*Problem statement*: The required output is a verbatim transcription of the listing, pictures excluded.

### Collected material

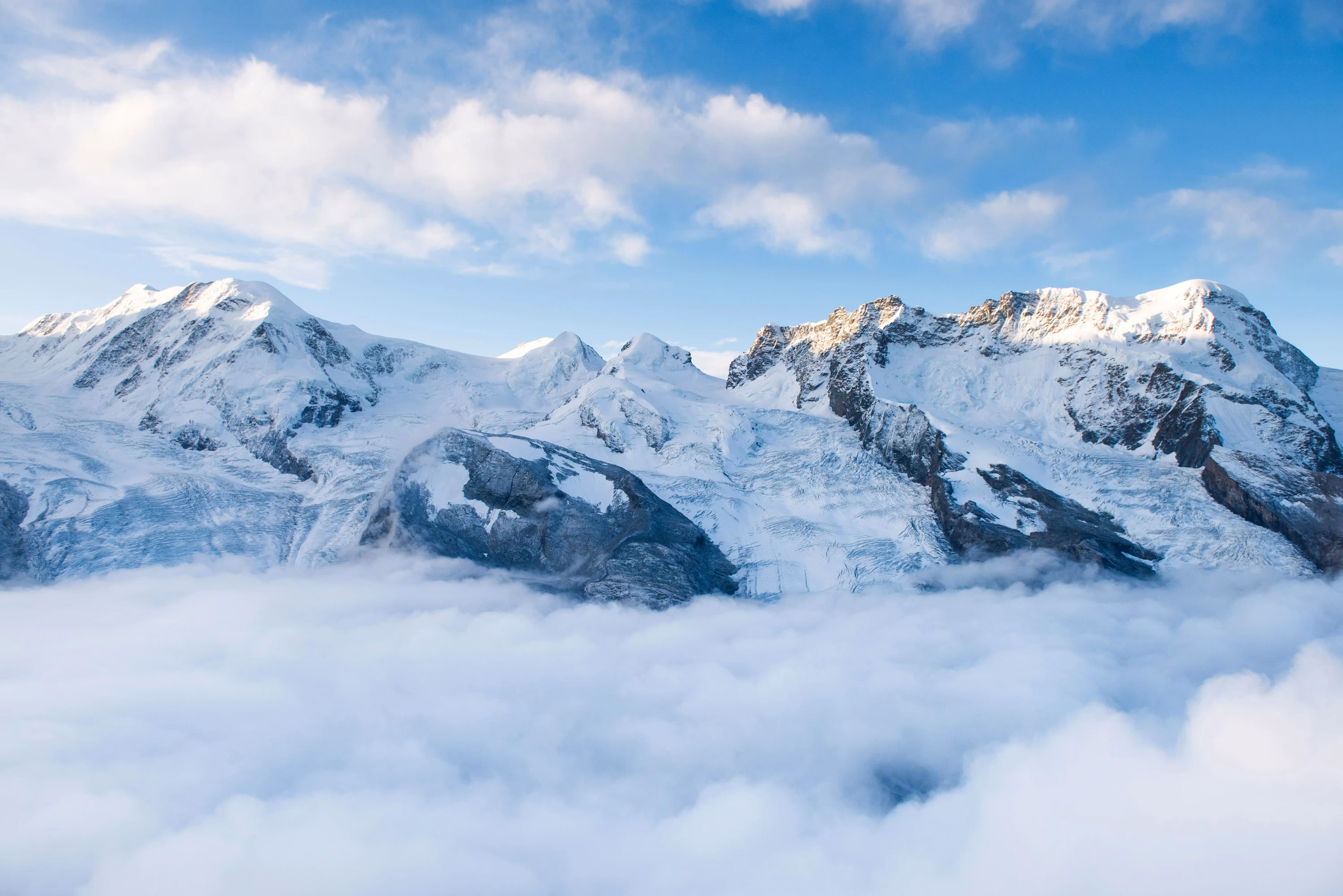 Sommets des Alpes — Alpen IT, l'IT de proximité en Auvergne-Rhône-Alpes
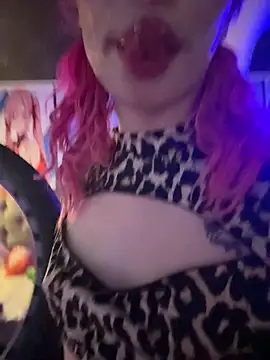 Maaddy LS online show from March 4, 7:31 pm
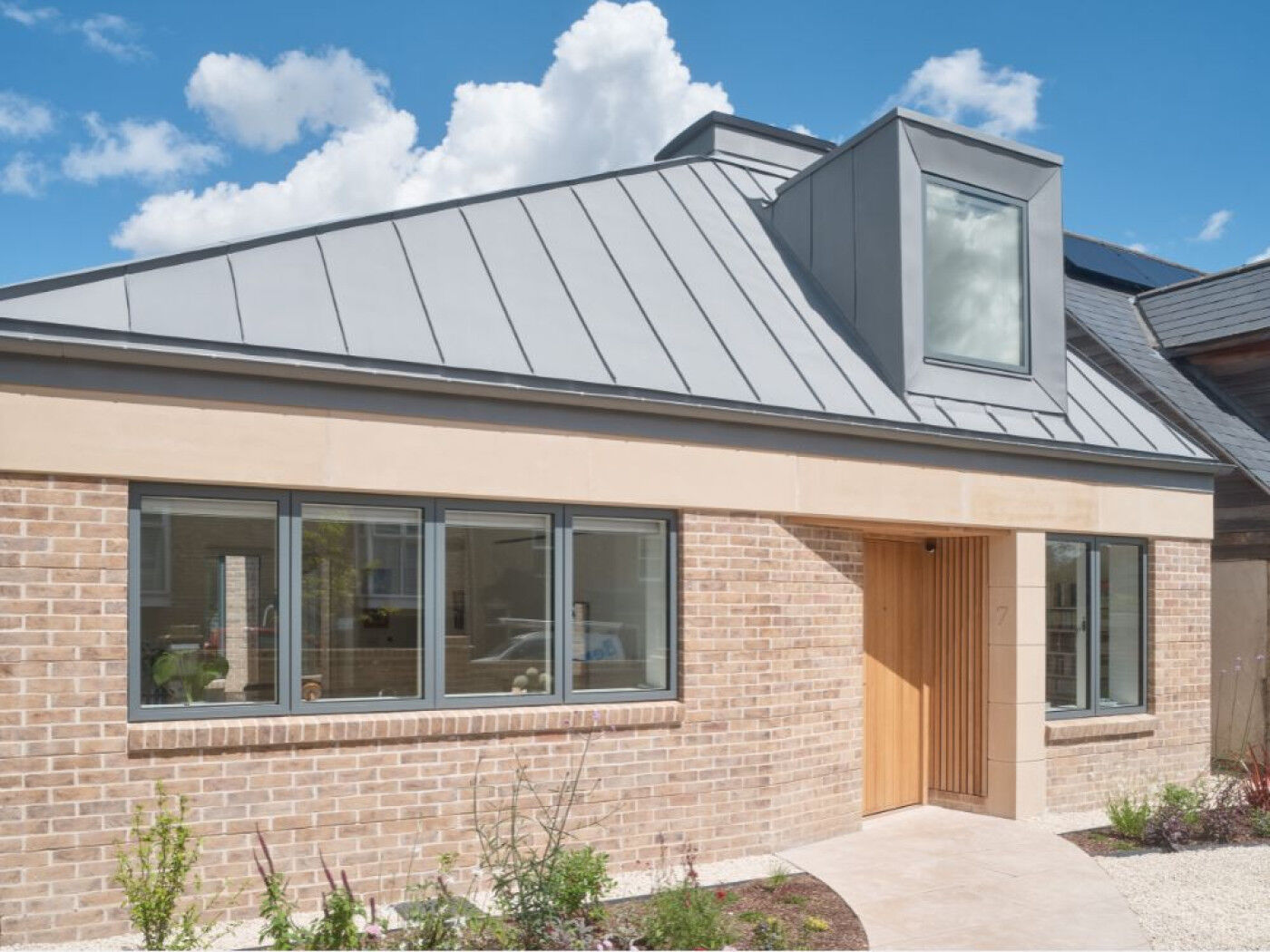 A Porto Passive door in oak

######

*Solution to this task*:
 Sommets des Alpes — Alpen IT, l'IT de proximité en Auvergne-Rhône-Alpes
 Maaddy LS online show from March 4, 7:31 pm
 A Porto Passive door in oak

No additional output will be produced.